No es sinónimo de crisis ni mucho menos. Esta «globalización diseñadora» abre las puertas a gente que desconoce lo enriquecedor que puede ser para ellos el mundo del diseño y quizá hacerles replantearse lo que de verdad les gusta y, a mayor competencia, mejores resultados conseguidos. Sin embargo llega un momento en el que de verdad podemos discernir entre un diseñador «junior» y uno, digamos, profesional o que realmente cree en lo que hace y le divierte.
Yo no me considero profesional pero sí que creo y me divierto con lo que hago. Y es que para mi el salir a la calle implica un bombardeo masivo de nuevas ideas, inspiraciones y regalos para la vista.
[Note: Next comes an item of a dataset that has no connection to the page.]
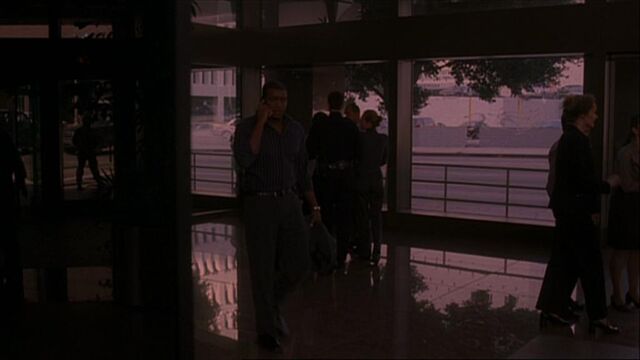 File:4x12 Rockland lobby.jpg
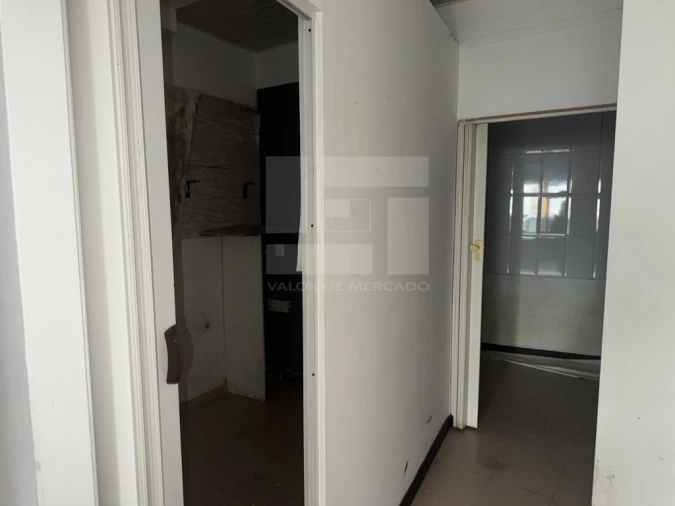 Moradia T2 para Venda em Arruda dos Vinhos Foto 44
Casi cualquier cosa es susceptible de hacerme pensar si su diseño es el adecuado o por contra deberían encerrar a su realizador. Todo esto, claro, bajo mi humilde opinión. Cada vez que voy de compras, que me acerco al cine a ver una buena película; cada vez que paso por ese escaparate o centro mi mirada en esa caja de perfume…es una delicia para un diseñador. No hay momento de respiro y te sientes con las irremediables ganas de empezar a intentar mejorar esos fallos que has visto o incluso de hacer un cambio por completo. Es la idea de querer cambiar el mundo con la ayuda de tu lápiz y papel. Posiblemente el que haya hecho la carátula para la boda de su primo deje lo de cambiar el mundo para otro día.